Short text fragments from websites

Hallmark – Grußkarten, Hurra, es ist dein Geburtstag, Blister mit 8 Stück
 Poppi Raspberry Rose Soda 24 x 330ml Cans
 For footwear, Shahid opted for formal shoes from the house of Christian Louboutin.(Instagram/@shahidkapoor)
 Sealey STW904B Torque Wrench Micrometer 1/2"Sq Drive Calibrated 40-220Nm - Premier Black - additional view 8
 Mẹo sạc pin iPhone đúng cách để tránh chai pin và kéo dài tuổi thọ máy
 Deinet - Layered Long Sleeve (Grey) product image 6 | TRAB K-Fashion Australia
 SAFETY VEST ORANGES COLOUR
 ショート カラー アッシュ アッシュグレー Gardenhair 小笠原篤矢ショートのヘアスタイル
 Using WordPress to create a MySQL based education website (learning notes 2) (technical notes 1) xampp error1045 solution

WHAT TO PRODUCE - Write out all of the entries above, exactly and in full.

TASK RESPONSE -
Hallmark – Grußkarten, Hurra, es ist dein Geburtstag, Blister mit 8 Stück
 Poppi Raspberry Rose Soda 24 x 330ml Cans
 For footwear, Shahid opted for formal shoes from the house of Christian Louboutin.(Instagram/@shahidkapoor)
 Sealey STW904B Torque Wrench Micrometer 1/2"Sq Drive Calibrated 40-220Nm - Premier Black - additional view 8
 Mẹo sạc pin iPhone đúng cách để tránh chai pin và kéo dài tuổi thọ máy
 Deinet - Layered Long Sleeve (Grey) product image 6 | TRAB K-Fashion Australia
 SAFETY VEST ORANGES COLOUR
 ショート カラー アッシュ アッシュグレー Gardenhair 小笠原篤矢ショートのヘアスタイル
 Using WordPress to create a MySQL based education website (learning notes 2) (technical notes 1) xampp error1045 solution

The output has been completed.